Un enthousiasme fou m’avait enivré soudain pour ces idées libérales, humanitaires, que je voyais dans leur fleur: et mon républicanisme, tout en scandalisant les royalistes de Maillane, qui me traitèrent de «peau retournée» faisait la félicité des républicains du lieu qui, étant le petit nombre, étaient fiers et ravis de me voir avec eux chanter la Marseillaise.
Or, chez ces hommes-là, descendants pour la plupart des démagogues populaires qu’à la Révolution on nommait «les braillards» tous les vieux préjugés, rancunes et rengaines de l’ancienne République s’étaient, de père en fils, transmis comme un levain.
Une fois, que j’essayais de leur faire comprendre les rêves généreux de la République nouvelle, sans cacher mon horreur pour les crimes qui firent, au temps de la première, périr tant d’innocents:
– Innocents, me cria d’une voix de tonnerre le vieux Pantès, mais vous ignorez donc que les aristocrates, avaient juré, les monstres, de jouer aux boules avec les têtes des patriotes?
Et, me voyant sourire, le vieux Brulé me dit:
– Connaissez-vous l’histoire du château de Tarascon?
– Quelle histoire? répondis-je.
– L’histoire de la fois où le représentant Cadroy vint donner l’impulsion aux contre-révolutionnaires… Écoutez-la et vous saurez le motif de ce refrain que les Blancs, de temps à autre, nous chantent sur la moustache:
De bric ou de broc
Ils feront le saut
De la fenêtre
De Tarascon,
Dedans le Rhône:
Nous n’en voulons plus
De ces gueux-là,
De ces gueux
De sans-culottes
Vous savez, ou vous ignorez, qu’à la chute de Robespierre, les modérés tombèrent sur les bons patriotes et en remplirent les prisons. A Tarascon ils firent monter les prisonniers, tout nus comme des vers, au sommet du château, et de là, ils les forçaient, à coups de baïonnettes, de sauter dans le Rhône par la fenêtre qui s’y trouve. C’est alors qu’un nommé Liautard, de Graveson, qui est encore en vie, étant resté le dernier pour faire le plongeon, profita d’un moment où on l’avait laissé seul, dépouilla sa chemise, qu’il jeta avec les autres, et alla se cacher dans un tuyau de cheminée, de sorte que les brigands, lorsqu’ils revinrent de là-haut et qu’ils comptèrent les chemises, crurent avoir tout noyé, et vidèrent les lieux. Liautard, la nuit venue, gagna le haut du château; puis par une corde qu’il avait faite avec les vêtements des autres, ils descendit aussi bas qu’il put, puis plongea dans le Rhône, qu’il traversa à la nage, et s’en vint à Beaucaire frapper chez un ami qui lui donna l’hospitalité.

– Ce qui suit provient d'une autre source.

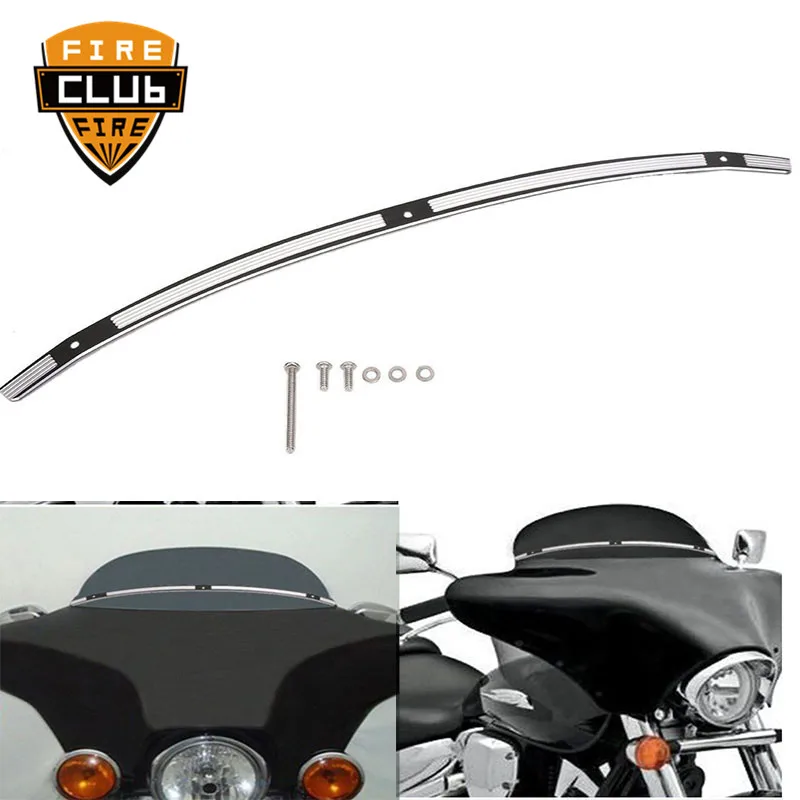 Chrome Aluminum CNC Windshield Windscreen Trim for Harley Electra Street Glide Touring 2014 2016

– Et le pauvre Balarin, disait le Bouteillon (un petit homme rageur qui sans cesse cognait sur le casaquin des prêtres), le pauvre Balarin qui pêchait à la ligne en 1815 là-bas dans la Font-Mourguette, et qu’ils assassinèrent parce qu’il ne voulait pas crier: «Vive le roi!»
– Et, faisait le gros Tardieu, le monsieur du Mas Blanc, qui, vers la même époque, fut abattu d’un coup de fusil tiré à travers la porte!
– Et Trestaillon! avançait l’un.
– Et le Pointu! ajoutait l’autre.
Telles étaient les invectives qui, d’un côté comme de l’autre, avec la république étaient revenues sur l’eau. Et, ici comme ailleurs, cela ramena la brouille et les divisions intestines. Les Rouges commencèrent de porter la ceinture et la cravate rouge, et les Blancs les portèrent vertes. Les premiers se fleurirent avec des bouquets de thym, emblème de la Montagne; les seconds arborèrent les fleurs de lis royales. Les républicains plantaient des arbres de la liberté; la nuit, les royalistes les sciaient par le pied. Puis vinrent les bagarres, puis les coups de couteau; et bref, ce brave peuple, ces Provençaux de même race qui, un mois avant, jouaient, plaisantaient, banquetaient ensemble, maintenant, pour des vétilles qui n’aboutissaient à rien, se seraient mangé le foie.